**About this task**
All entries are to be reproduced exactly; the pictures are to be omitted.

**Items from a dataset**
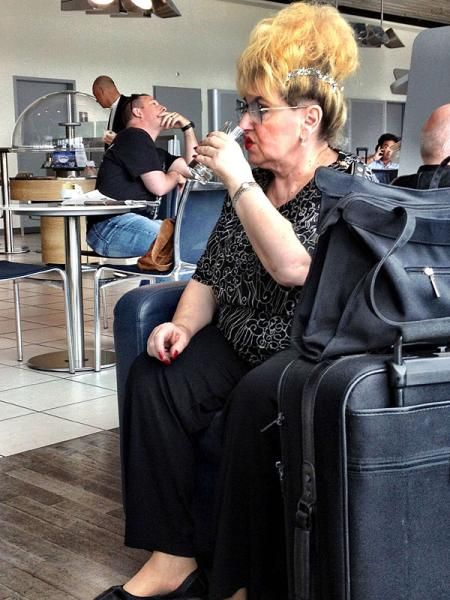Waiting at the Frankfurt airport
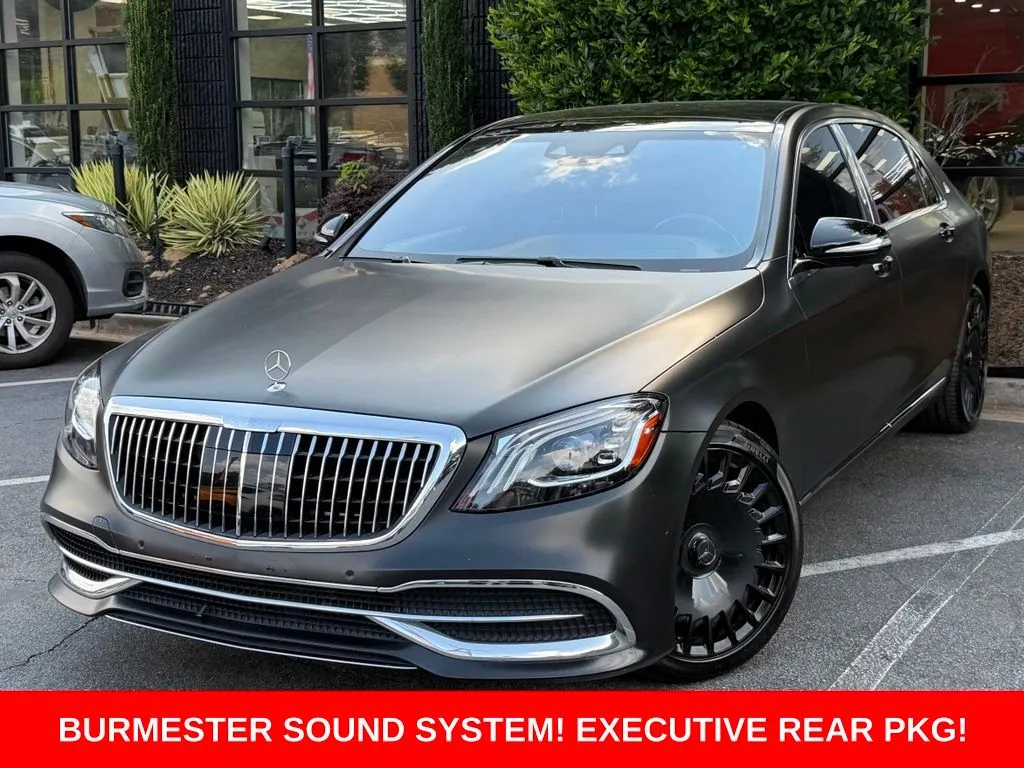 Black 2019 Mercedes-Benz S-Class Maybach S 650 for sale in Sandy Springs, GA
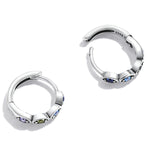 Orecchini donna argento 925 con zirconi Occhio del Diavolo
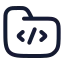 Codefolder icon with stroke rounded style
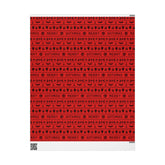 Merry Gothmas Red Spooky Gift Wrap - Goth Cloth Co.Home Decor17331276040880116700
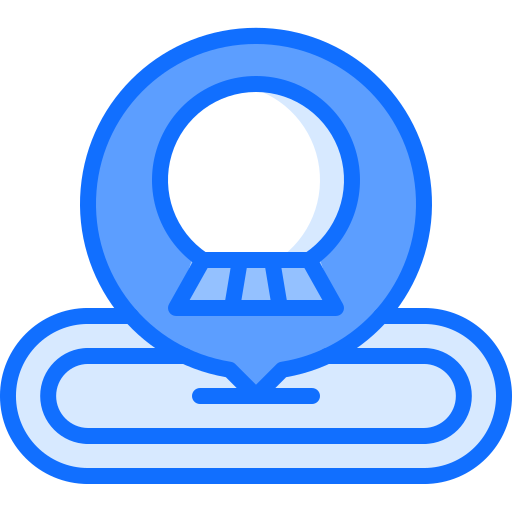 wahrsagerin Coloring Blue icon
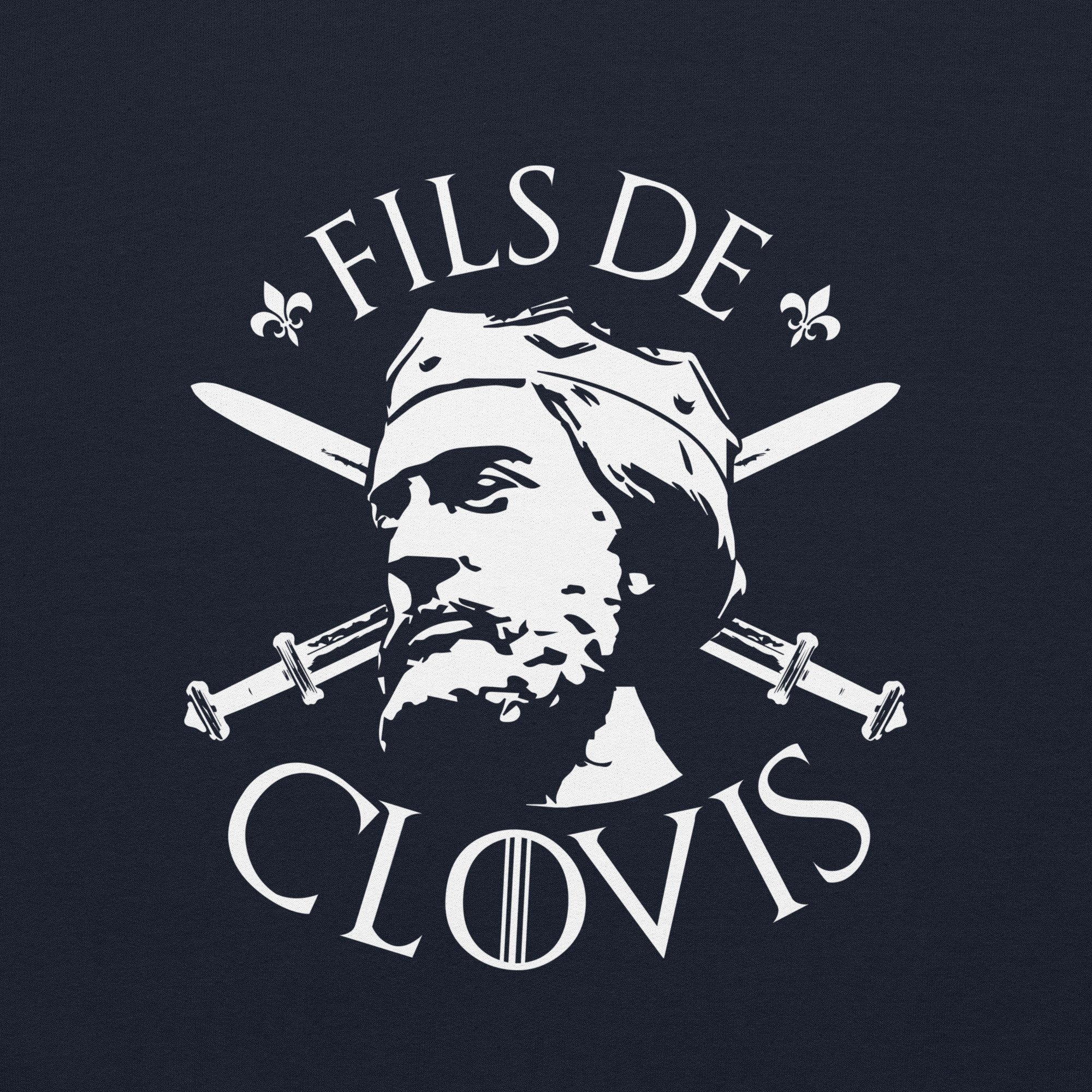 Sweatshirt capuche Fils de Clovis Classique – Image 4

**Expected answer**
Waiting at the Frankfurt airport
 Black 2019 Mercedes-Benz S-Class Maybach S 650 for sale in Sandy Springs, GA
 Orecchini donna argento 925 con zirconi Occhio del Diavolo
 Codefolder icon with stroke rounded style
 Merry Gothmas Red Spooky Gift Wrap - Goth Cloth Co.Home Decor17331276040880116700
 wahrsagerin Coloring Blue icon
 Sweatshirt capuche Fils de Clovis Classique – Image 4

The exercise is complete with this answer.